*** Material to process ***

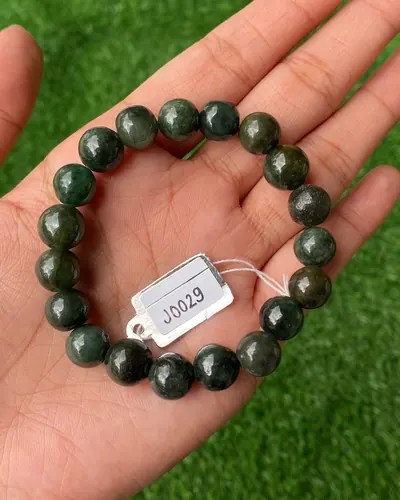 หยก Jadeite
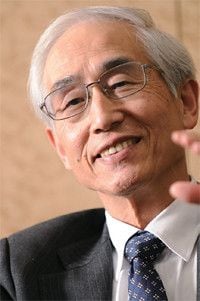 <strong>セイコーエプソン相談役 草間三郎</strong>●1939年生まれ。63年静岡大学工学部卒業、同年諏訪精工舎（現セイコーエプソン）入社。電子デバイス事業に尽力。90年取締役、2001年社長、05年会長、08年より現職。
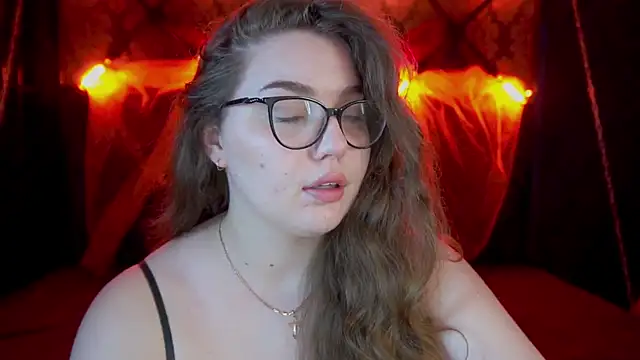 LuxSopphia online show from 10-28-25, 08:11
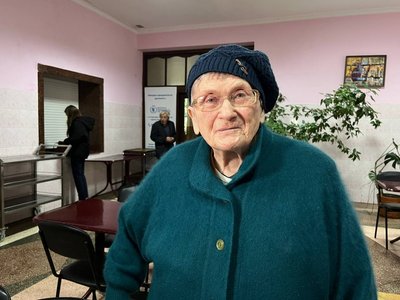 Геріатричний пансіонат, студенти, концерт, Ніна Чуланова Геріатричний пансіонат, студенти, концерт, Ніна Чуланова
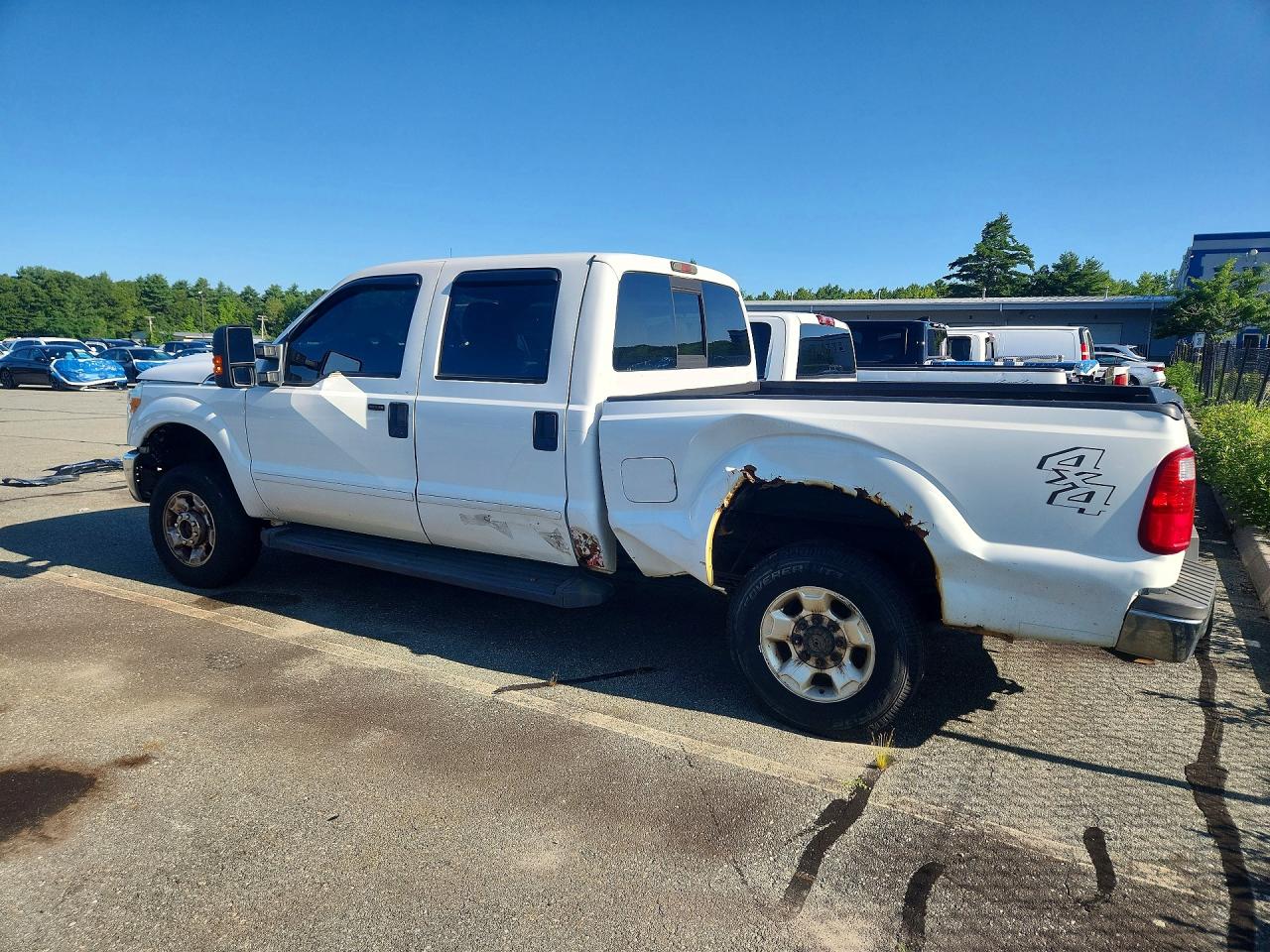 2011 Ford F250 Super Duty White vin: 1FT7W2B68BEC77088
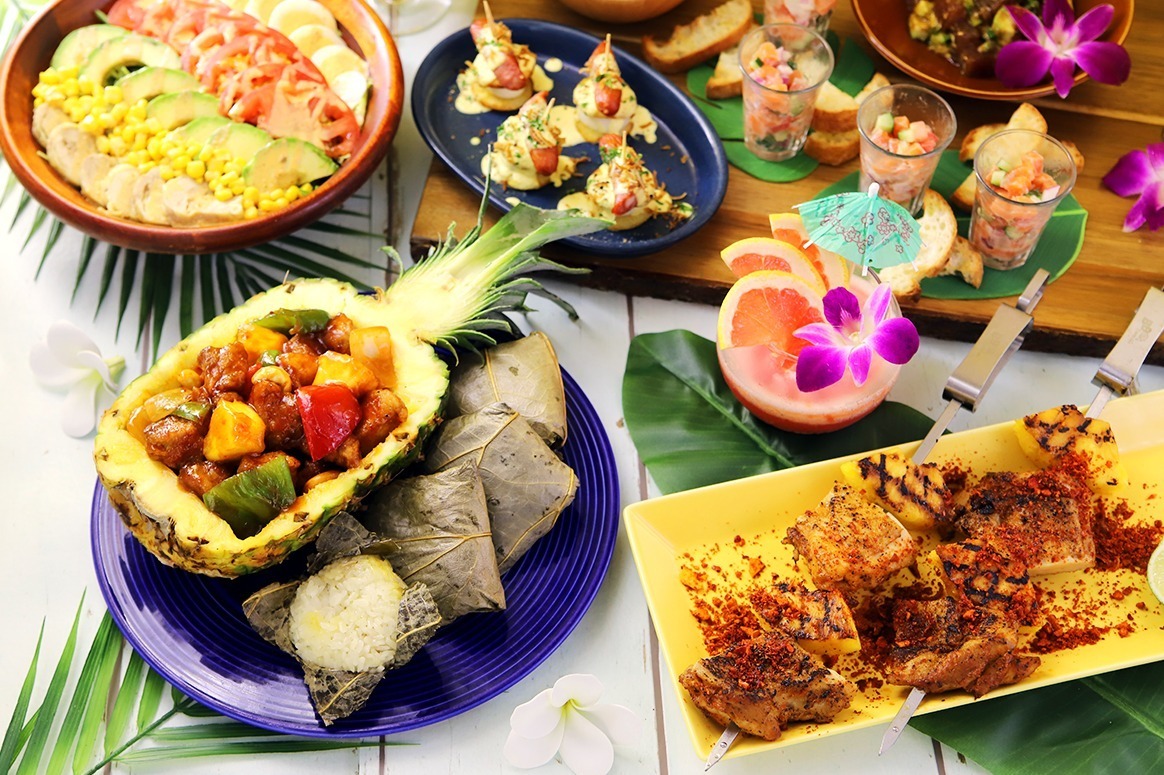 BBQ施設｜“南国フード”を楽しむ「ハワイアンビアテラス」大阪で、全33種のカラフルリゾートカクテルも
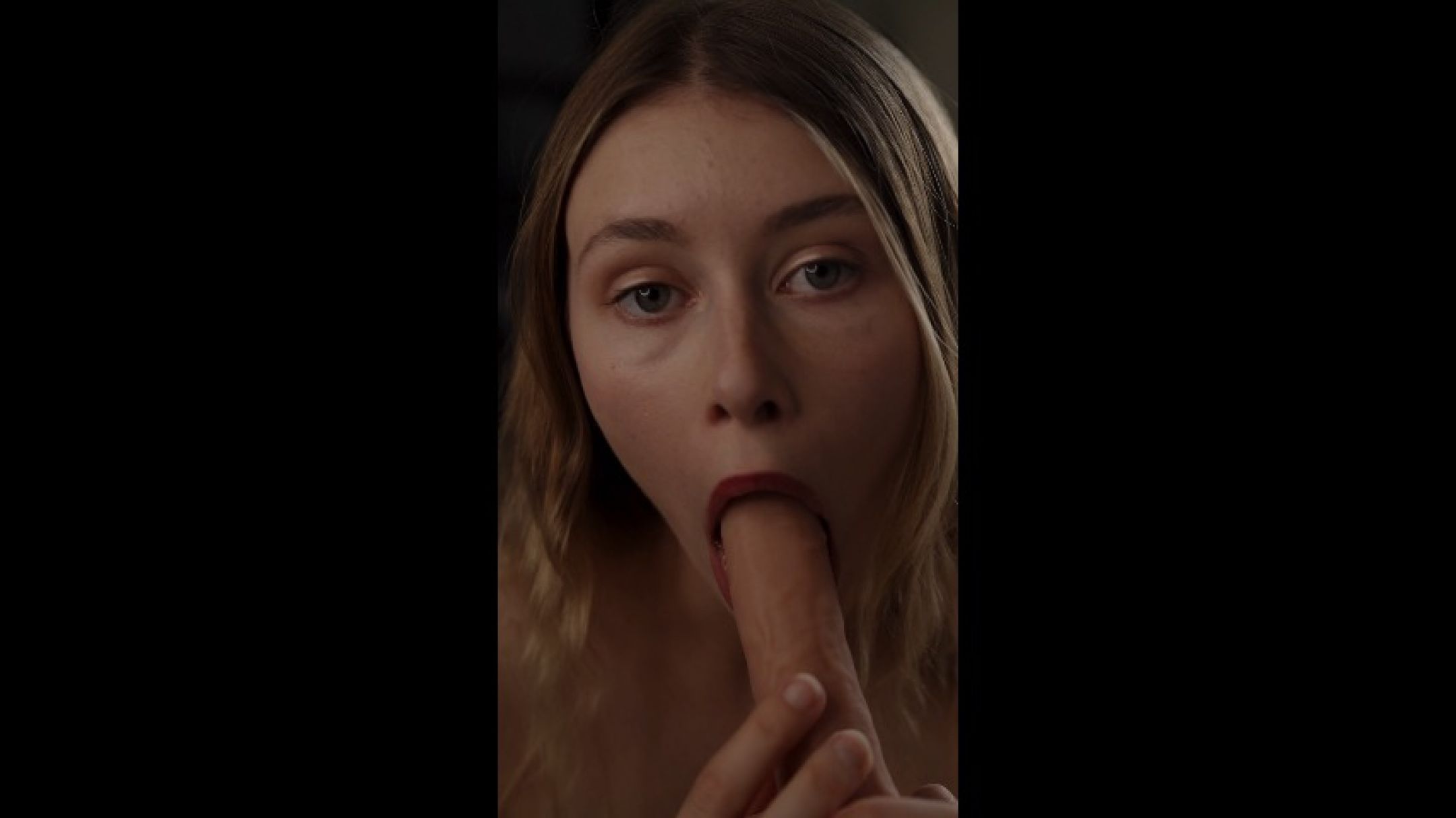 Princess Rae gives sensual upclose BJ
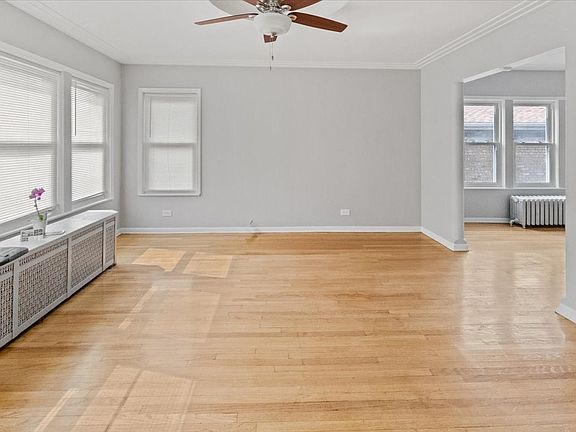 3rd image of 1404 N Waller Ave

*** End of Material to process ***

--- Problem details ---
Please retype the records above exactly, excluding every picture.

--- Task output ---
 หยก Jadeite
 <strong>セイコーエプソン相談役 草間三郎</strong>●1939年生まれ。63年静岡大学工学部卒業、同年諏訪精工舎（現セイコーエプソン）入社。電子デバイス事業に尽力。90年取締役、2001年社長、05年会長、08年より現職。
 LuxSopphia online show from 10-28-25, 08:11
 Геріатричний пансіонат, студенти, концерт, Ніна Чуланова Геріатричний пансіонат, студенти, концерт, Ніна Чуланова
 2011 Ford F250 Super Duty White vin: 1FT7W2B68BEC77088
 BBQ施設｜“南国フード”を楽しむ「ハワイアンビアテラス」大阪で、全33種のカラフルリゾートカクテルも
 Princess Rae gives sensual upclose BJ
 3rd image of 1404 N Waller Ave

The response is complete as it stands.